Je lui lis beaucoup. Je ne comprends pas comment on peut dire à l’enfant : « Vas te coucher », et il va se coucher, et cinq minutes après, on entend le ronflement paisible. Je lis une dizaine de livres à voix haute, je pensais jamais que cette lecture pourrait me procurer, à moi, autant de plaisir. Jania peut écouter pendant une éternité. Les petits ronds brodés sur la couverture, l’accoudoir rougeâtre bien usé du fauteuil de ma grand-mère – c’est la petite fille sur une page qui sautille toujours là, au même endroit, fait revenir le souvenir du moment exact  de mon enfance. Grand-mère lisait toujours avec sa voix sèche et plane comme la steppe de Tchékov, peu importe si c’était du Pouchkine ou un article sur les oiseaux. Elle lisait toujours « tchto » au lieu de « chto », et pour moi c’était un petit crochet qui cassait la monotonie de sa voix pendant la lecture, une secousse de la « britchka » – du « carrosse » –s’avançant dans les champs.

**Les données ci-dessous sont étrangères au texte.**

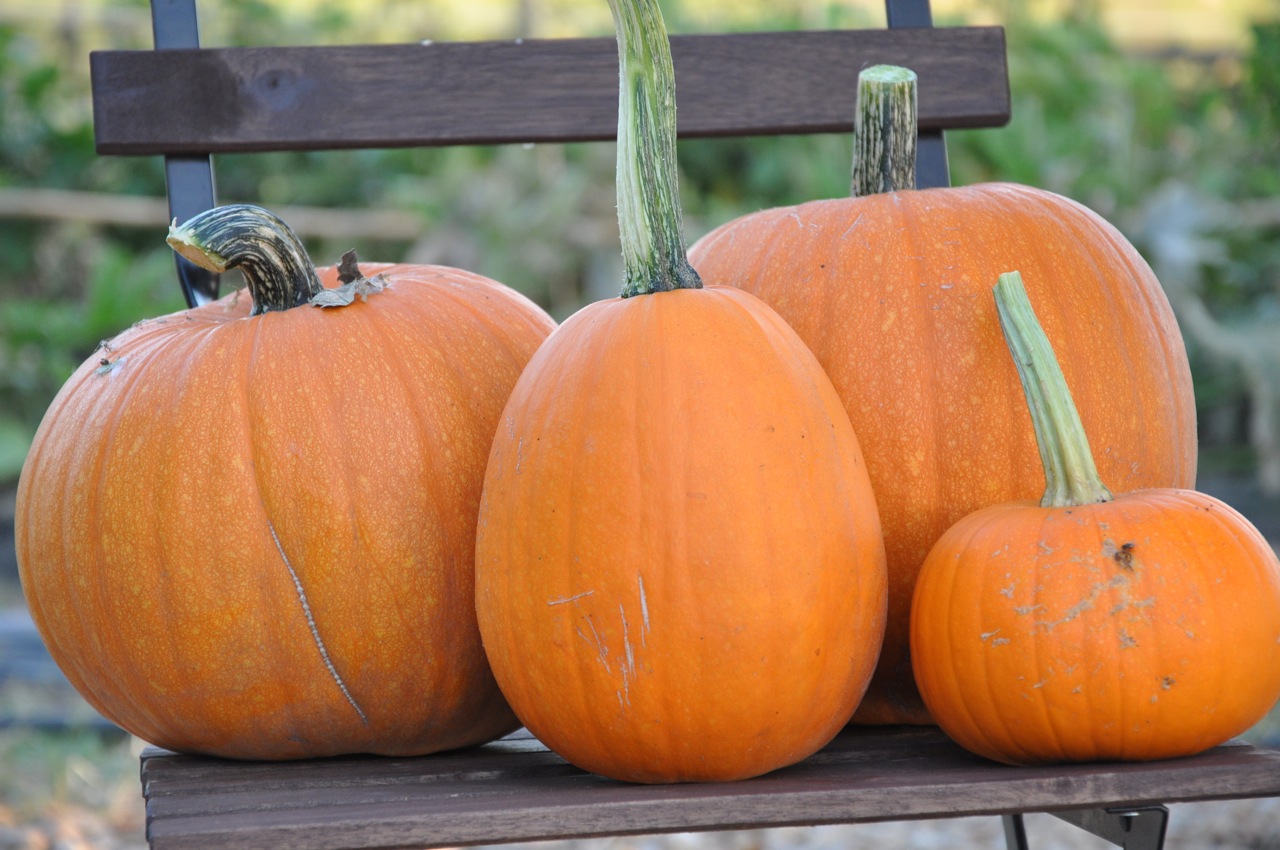 Tegueste Busca La Calabaza M s Grande De Canarias InfoTegueste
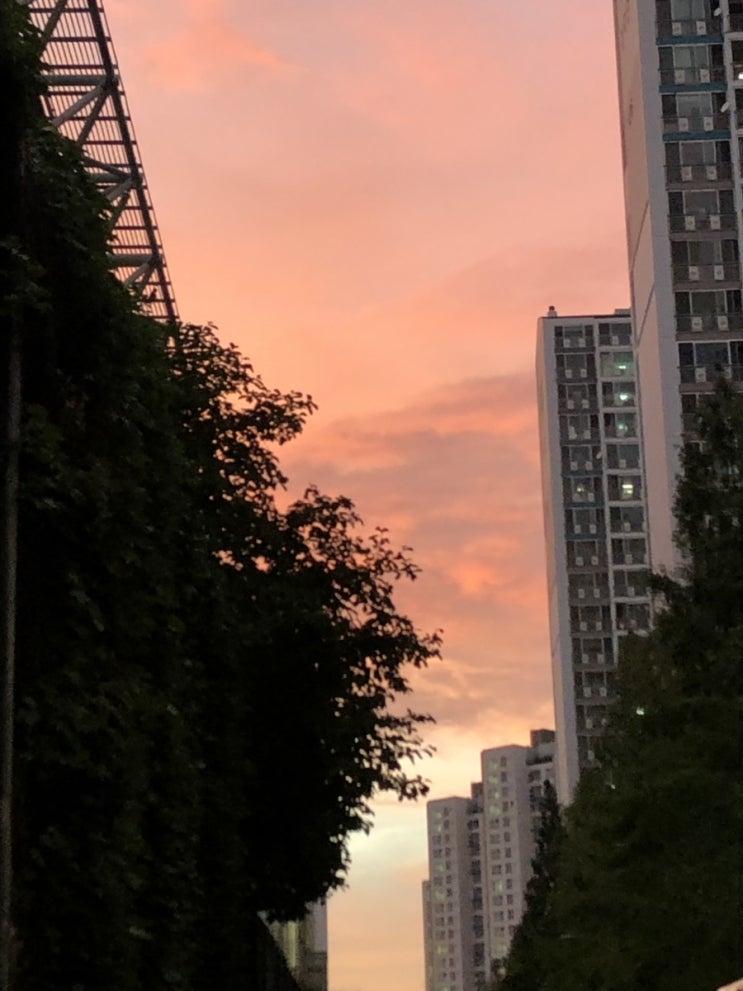  2019 늦여름 초가을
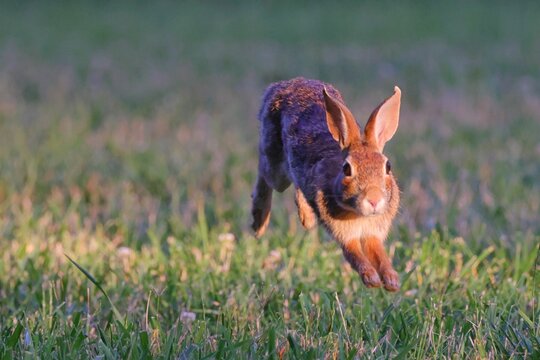 Rabbit hopping through a grassy field during sunset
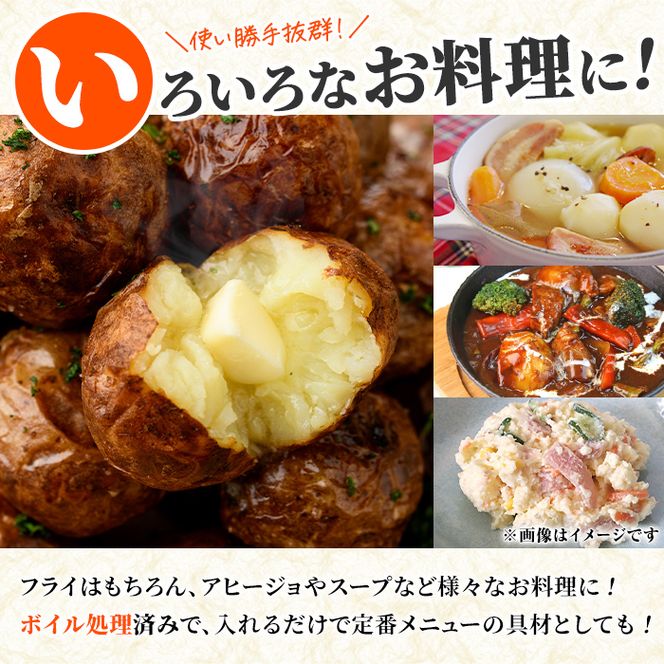 冷凍じゃがいも (計7.5kg・250g×30袋) ジャガイモ ニシユタカ にしゆたか 冷凍 ボイル 小分け 小玉 小さめ フライ アヒージョ スープ カレー シチュー 簡単調理 お弁当 おかず 野菜 赤土 【有限会社やまた水産食品】akn036-07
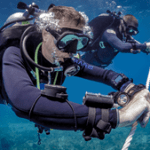 Transform Your Diving Skills with Intentional Training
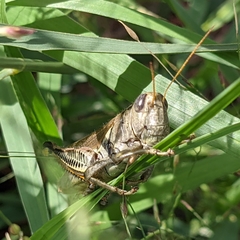 Melanoplus differentialis
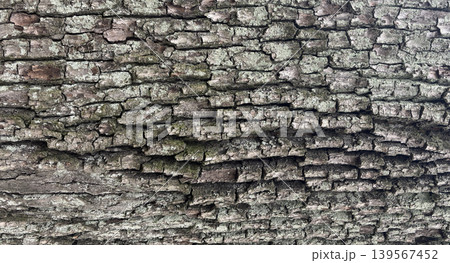 Old bark tree texture. Natural wood surface pattern, old tree skin Old bark tree texture. Natural wood surface pattern, old tree skin 139567452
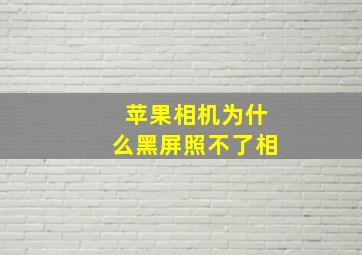 苹果相机为什么黑屏照不了相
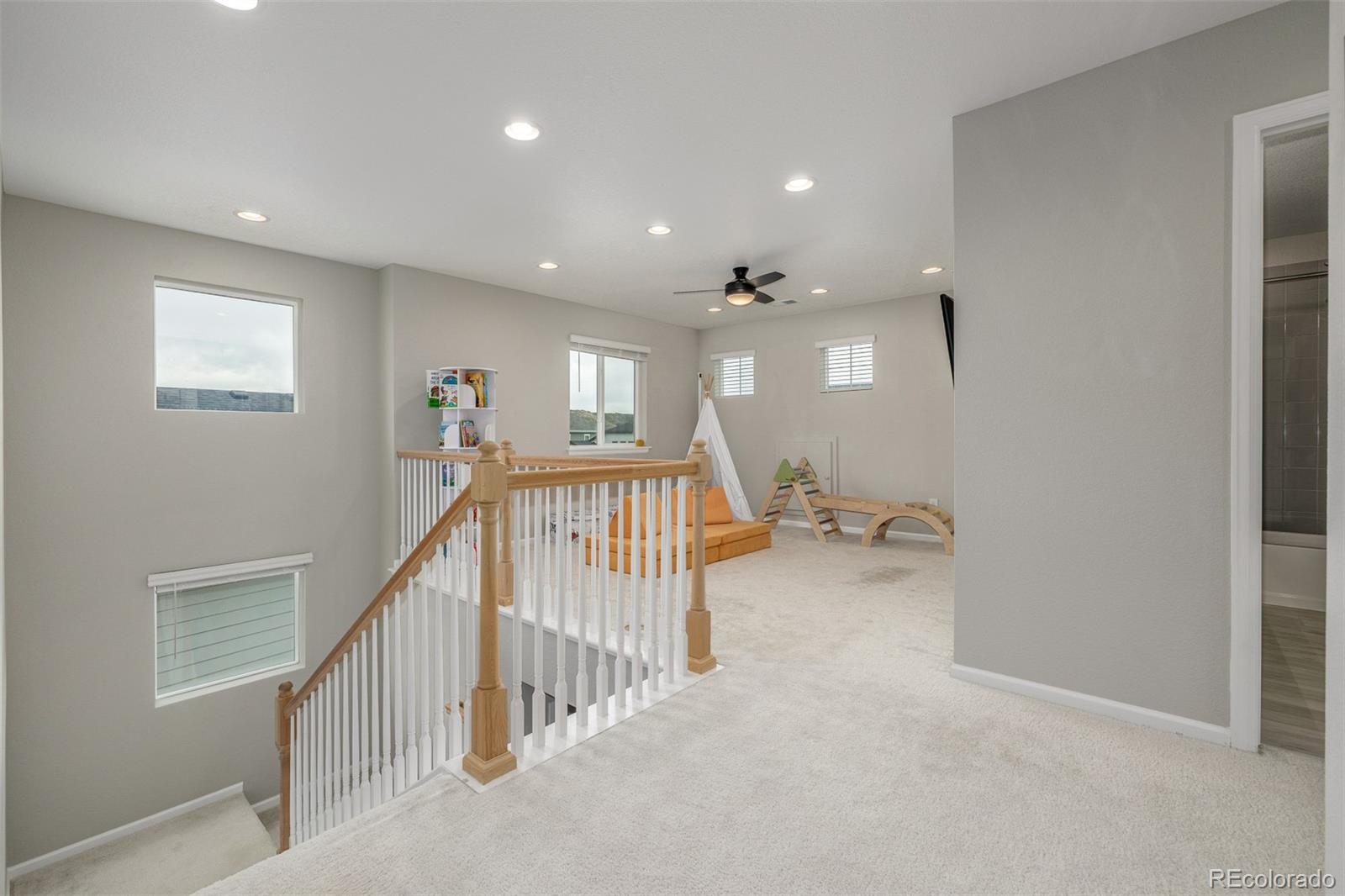 MLS Image #14 for 4925  coltin trail,castle rock, Colorado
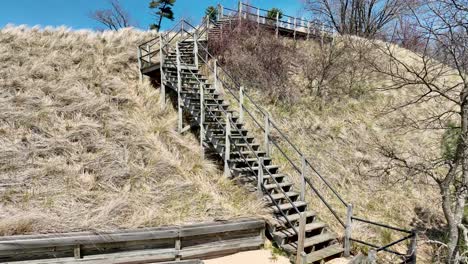 Rising-above-the-great-lakes-dunes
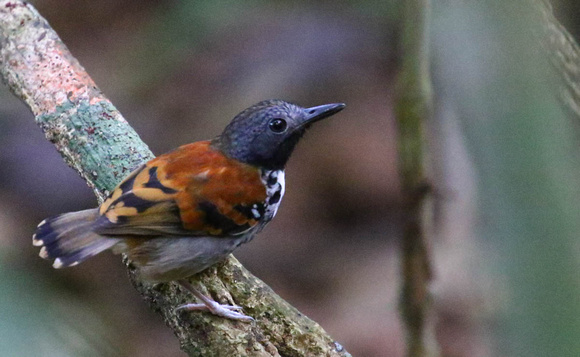 Spotted Antbird.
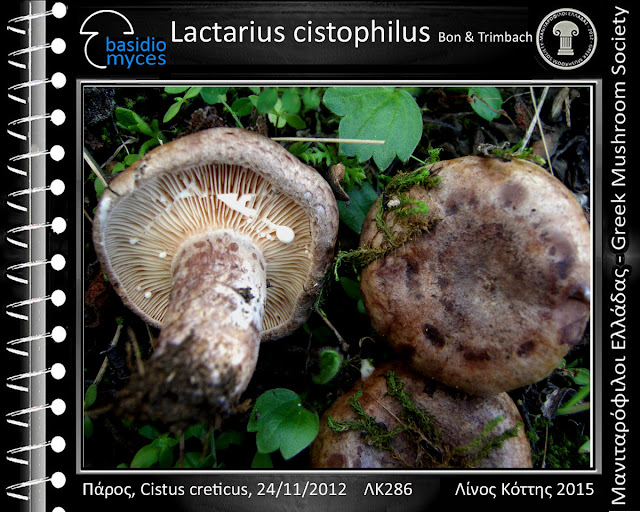 Lactarius cistophilus Bon & Trimbach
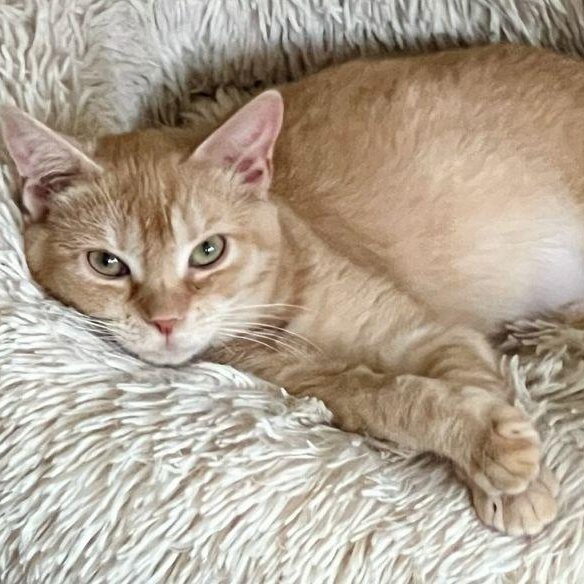Anna, adopted, Young Female Domestic Short Hair & Abyssinian.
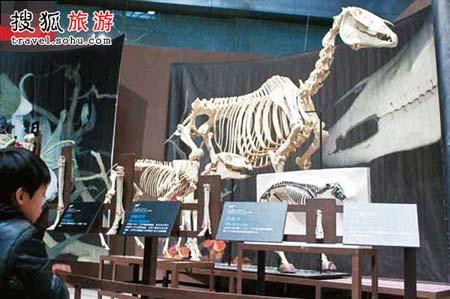 A boy looks at a model of a dinosaur at Beijing Museum of Natural History [Photo: sohu.com] 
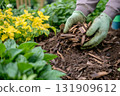 Gardener is Applying Mulch in a Beautifully Designed Landscape for Plant Care and Growth. Person in Gloves is carefully placing wood mulch around the colorful plants in a autumnal garden. Autumn work 131909612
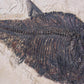 large fossil Diplomystus fish in a wood frame 1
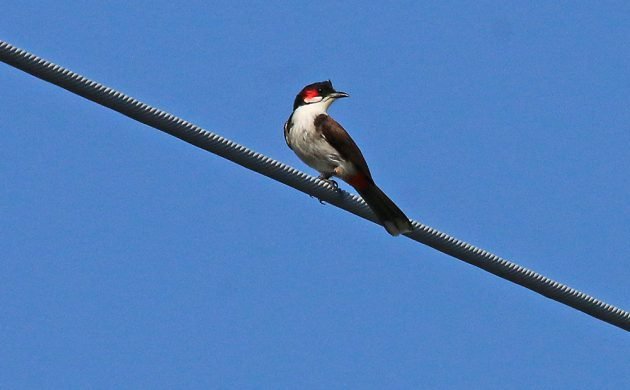 Red-whiskered Bulbul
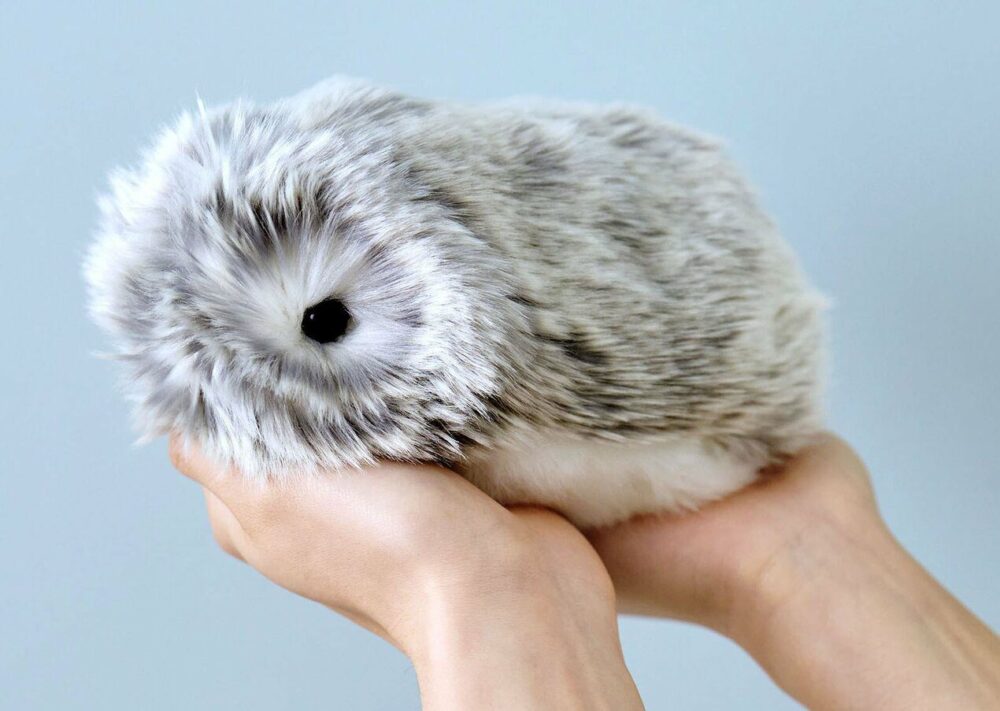 Moflin Може ли да се купи в Полша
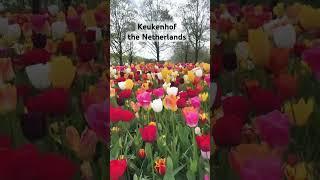 #keukenhof #thenetherlands #flowers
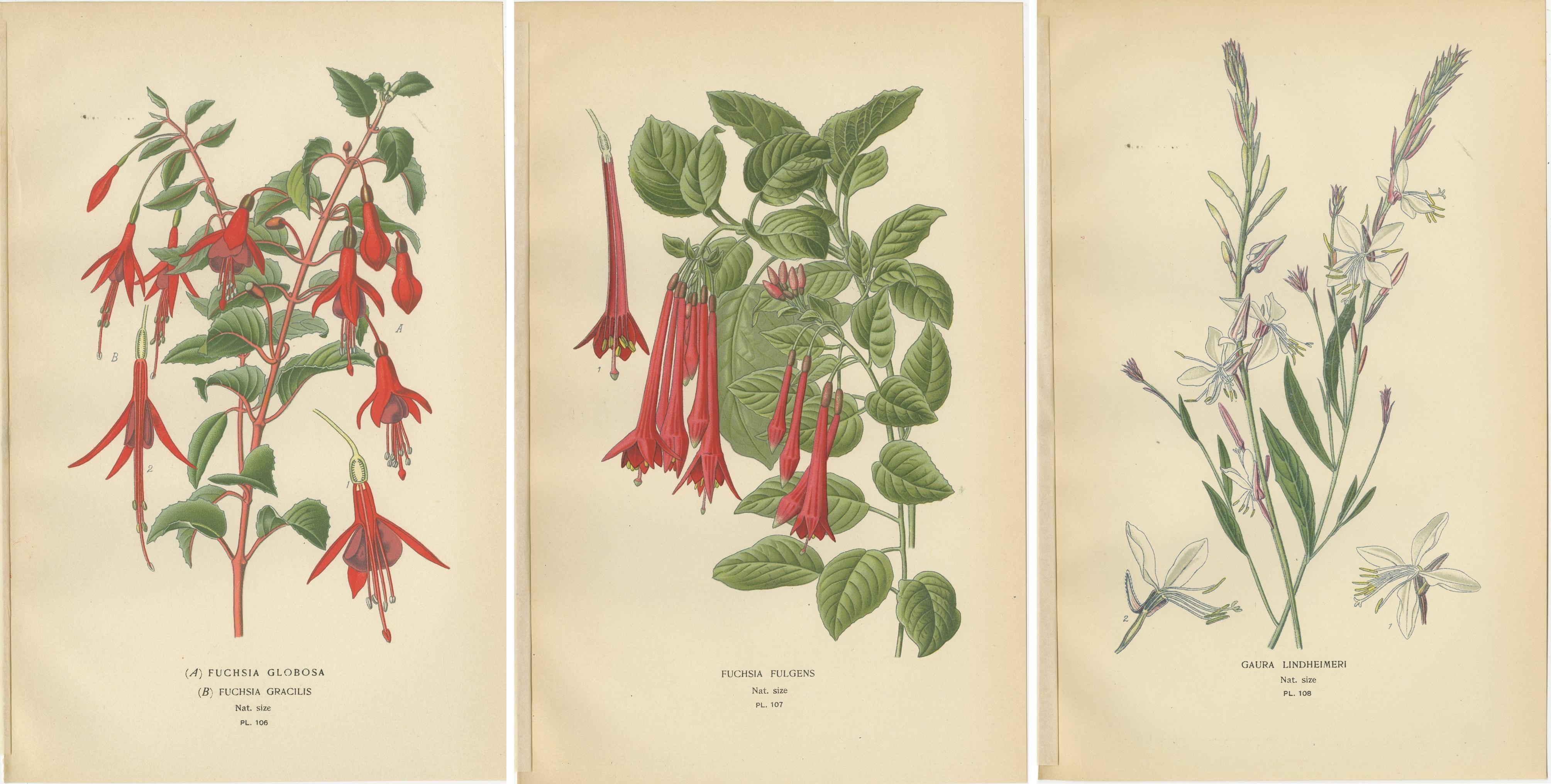 Paper Trio of Botanical Prints: Fuchsia Globosa, Fuchsia Fulgens & Gaura Lindheimeri For Sale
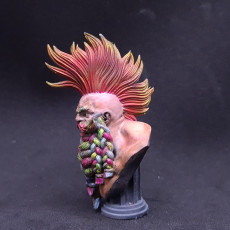 Picture of print of Dwarf Mohawk Bust [Pre-Supported]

Avec Jania je hurle comme un lion, crie comme un poussin, ronfle comme un vieillard. Il faut de l’expression, du théatre, de l’émotion, ça m’amuse à fond, j’ai un public reconnaissant.
J’aime beaucoup Tchoukovski. Je suis emportée par le rythme constamment changeant de ses vers, son talent étonnant de fusionner l’image et le son– cet amas de « sch » et « tsch » pour les brosses et les gants de toilette, les roulades de « r » du désordre matinal, les mots qui se cognent dans le tempo allegro, trébuchent, éclatent comme la vaisselle qui s’enfuit de la pauvre Fédora. Harms est toujours un délice pour l’oreille, et une abondance pour l’imaginaire. Marchak, pour moi, est plus raffiné que Tchoukovski. Michel m’a montré la traduction du « monsieur – tête en l’air de la ville de Léningrad » (« L’Hurluberlu ») de Marchak en français – je suis toujours curieuse de ce que devient une histoire dans la traduction – est-elle aussi réussie au niveau du sens qu’au niveau de la chair – la phonétique, se prête-t-elle aussi bien à l’oreille ? Michel me taqunait en disant qu’il doutait s’il fallait me montrer ce livre – une BD presque, mais c’est vraiment curieux de voir comment on s’approprie quelque chose d’origine étrangère. Pouchkine reste toujours un grand mystère. Sa langue si riche, incrustée de toutes sortes de « kitchki », « makovki », « névody », « persty », « « svatia baba Babarikha » que je ne me donne même pas la peine d’expliquer à Jeannouchka, la fascine, l’enchante, la berce, l’hypnotise – sinon comment expliquer qu’elle est capable de dévorer à l’écoute une vingtaine de pages d’affilé de « Tsar Saltan » ?

Des images, des images, des images. La finesse incroyable des illustrations de Tcharouchine, le graphisme de mise en page de Lébédev, la générosité orientale de Mavrina, les « médvédi » de Vasnetsov, la ligne vibrante des dessins de Konachévitch...Une attention extraordinaire portée au détail. Je ne faisais que regarder ces images quand j’étais petite, ce n’est que maintenant que je me rends compte à quel point elles sont ancrées dans mon imagination, je suis imprégnée de ces images comme  une « romovaya baba » – un cake au rhum, et quand on le croque, une grosse goutte sucrée en sort et colle les doigts. Je pense qu’il m’arrive parfois aussi, à mon insu, de faire apparaître dans mes dessins des traces des images vues dans mon enfance.


Maman trouait mes livres avec une perforatrice,  les rassemblait par dizaine en « faisceaux » et passait des bandelettes à travers les trous. Comme ça, on pouvait lire le soir tout le « volume » et les livres, petits et minces, ne s’égaraient pas dans ma chambre. Michel  se demandait si ces trous n’avaient pas quelque chose à voir avec des trous sur certains livres du Père Castor qu’il avait.